» **Exercise prompt**
Write out again only the lines between the one with "Industrial powder processing" and the end of the records below, both ends counted, and don't include the pictures.

----------------------------------------

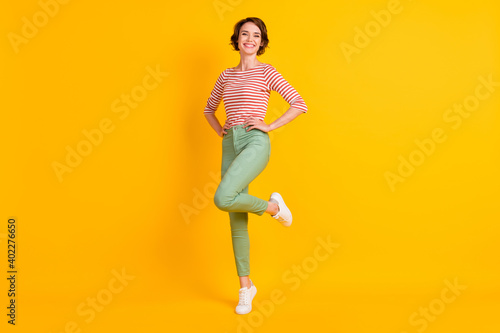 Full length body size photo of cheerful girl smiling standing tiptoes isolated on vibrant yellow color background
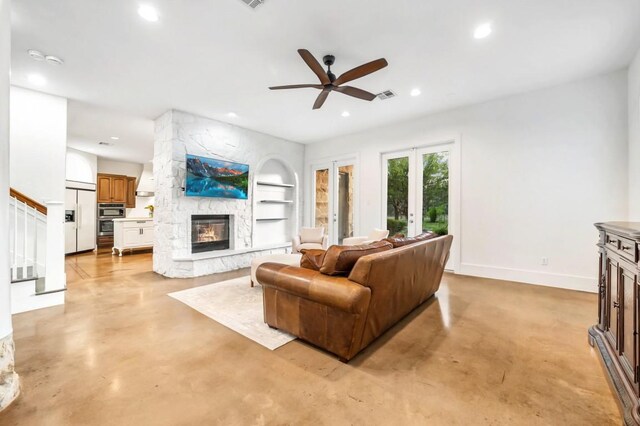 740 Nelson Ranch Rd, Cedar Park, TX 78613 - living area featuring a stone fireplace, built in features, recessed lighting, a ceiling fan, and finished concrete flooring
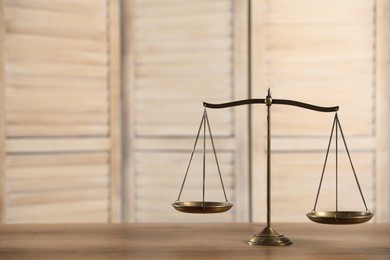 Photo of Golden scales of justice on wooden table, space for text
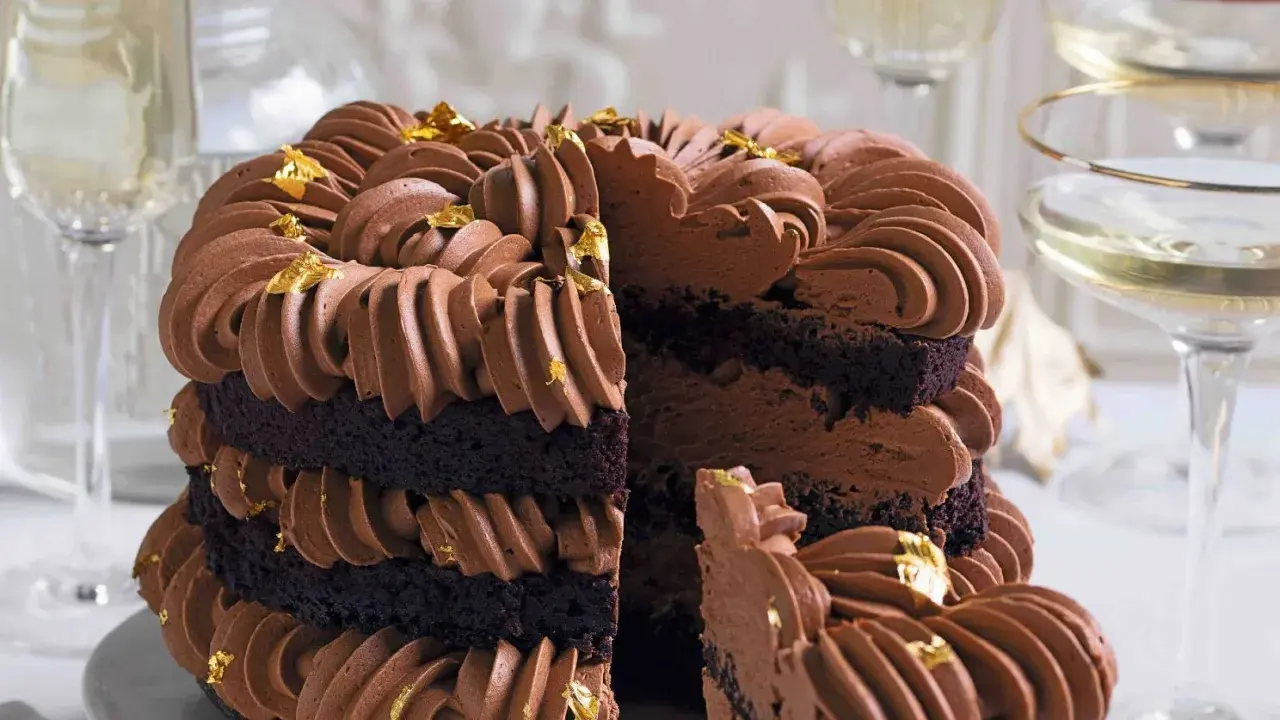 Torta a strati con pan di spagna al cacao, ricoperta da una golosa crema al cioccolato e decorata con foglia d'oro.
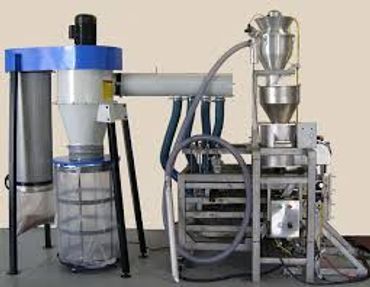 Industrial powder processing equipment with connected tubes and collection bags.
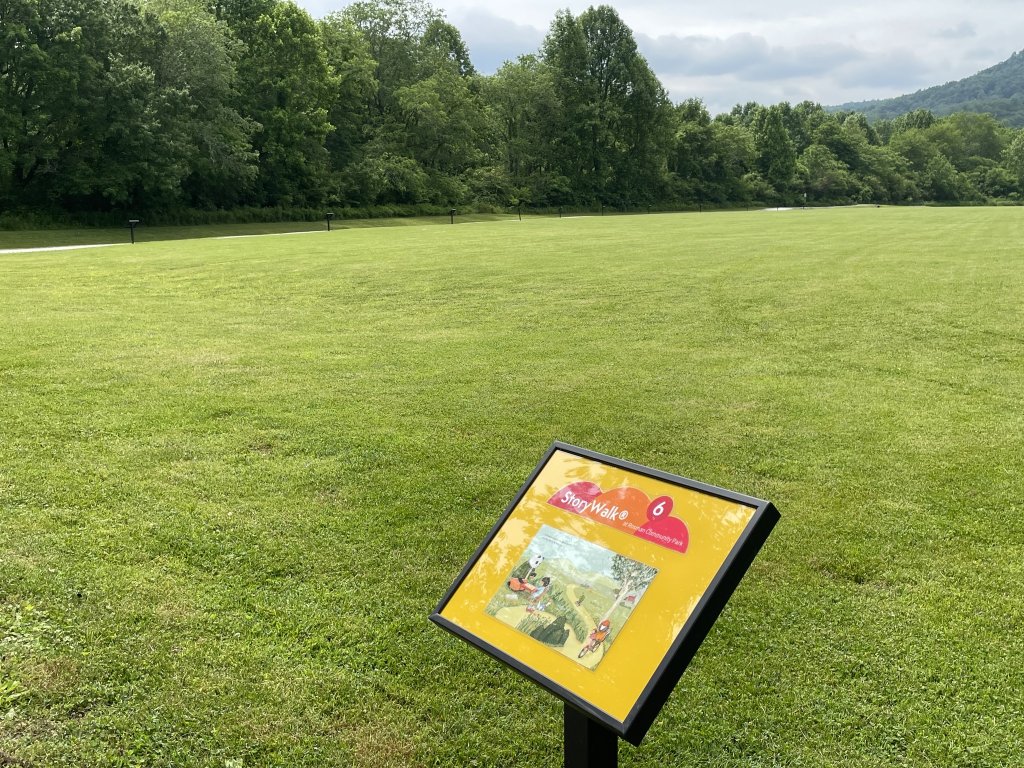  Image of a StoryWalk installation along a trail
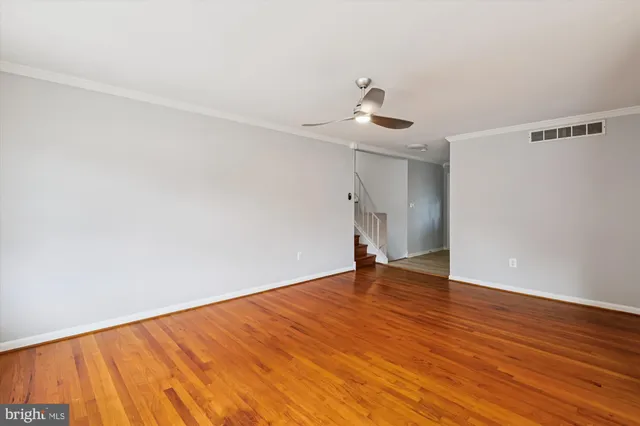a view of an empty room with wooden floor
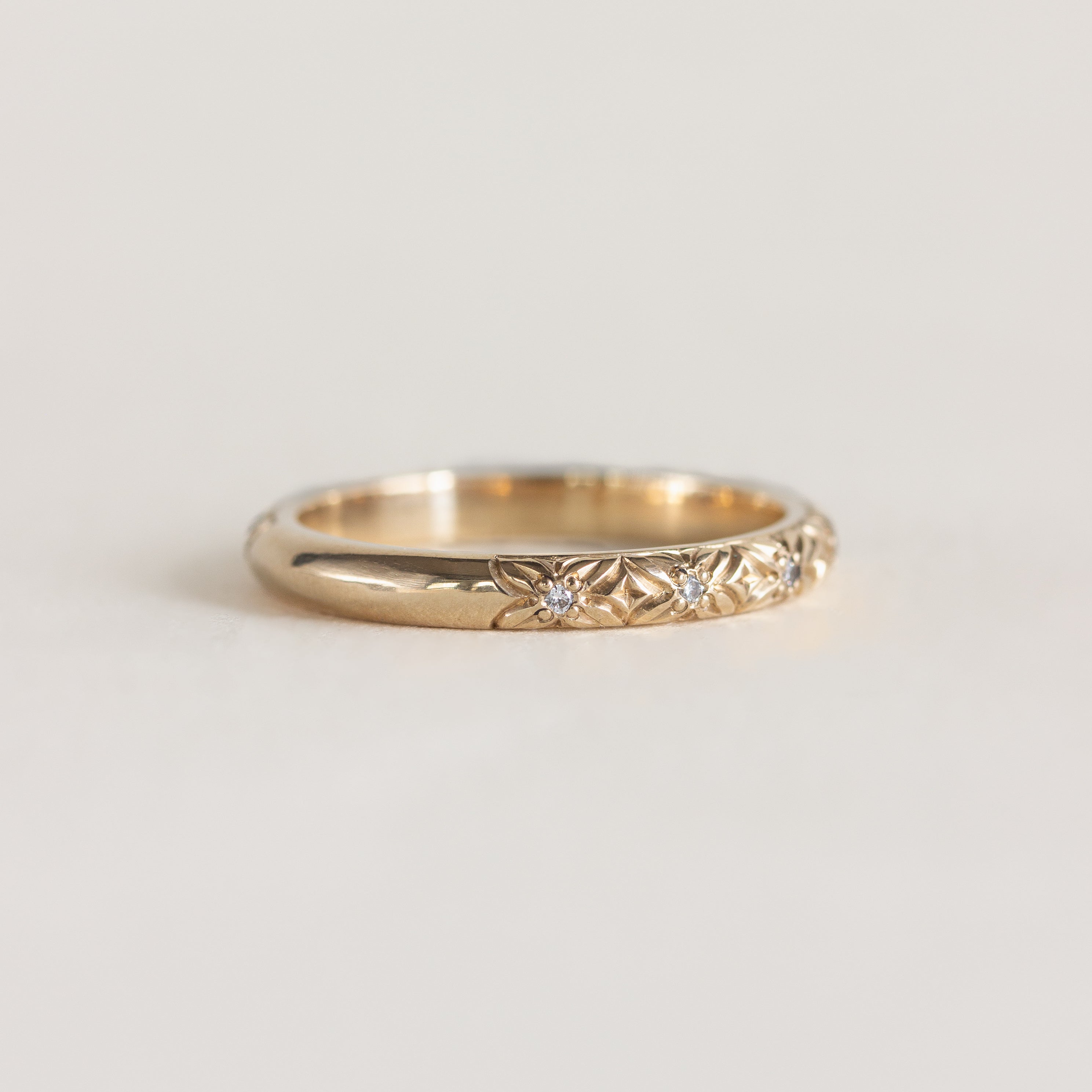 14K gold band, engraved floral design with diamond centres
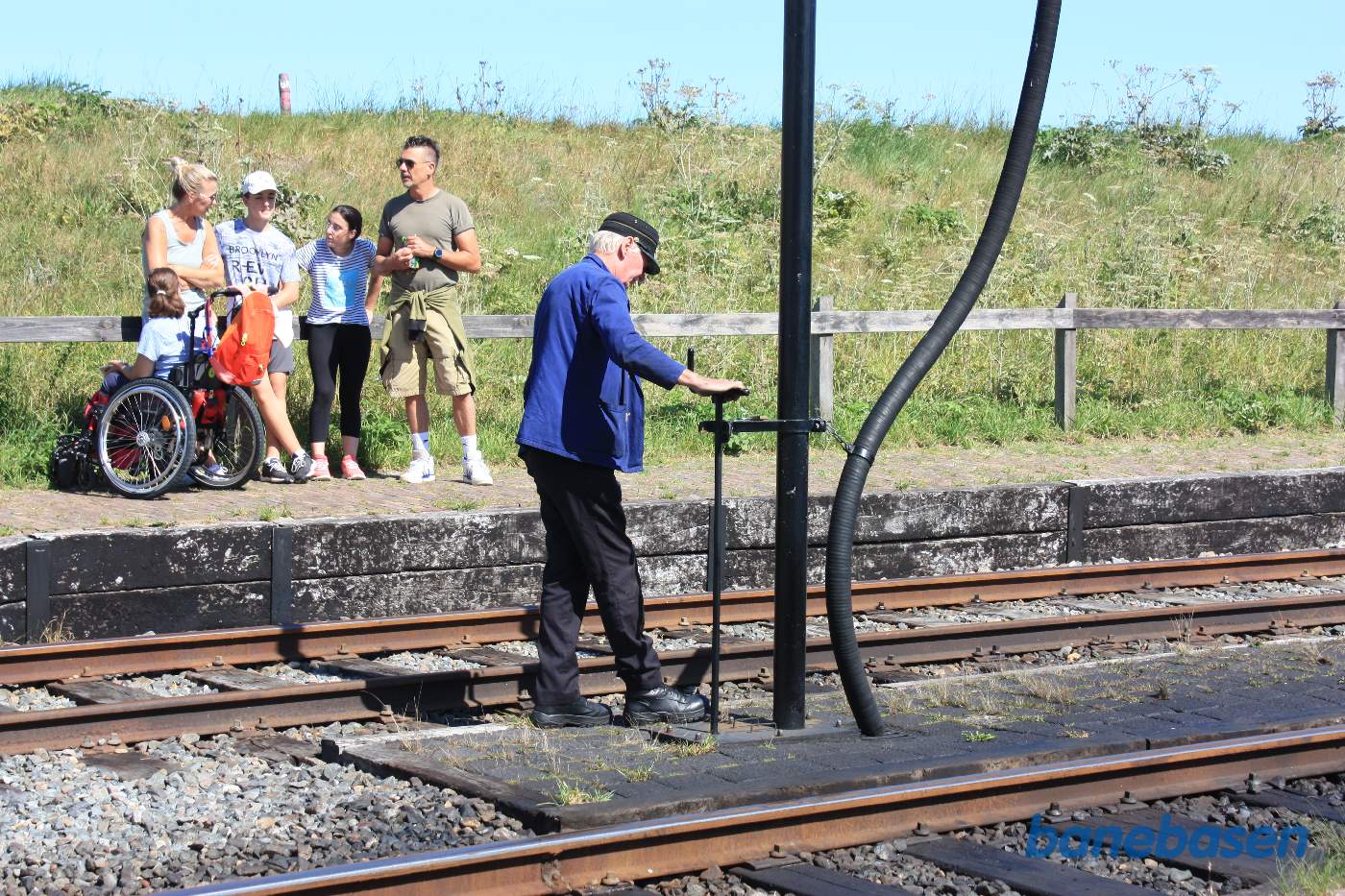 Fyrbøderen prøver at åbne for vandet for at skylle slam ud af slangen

----------------------------------------

» **Task response**
 Industrial powder processing equipment with connected tubes and collection bags.
  Image of a StoryWalk installation along a trail
a view of an empty room with wooden floor
 14K gold band, engraved floral design with diamond centres
 Fyrbøderen prøver at åbne for vandet for at skylle slam ud af slangen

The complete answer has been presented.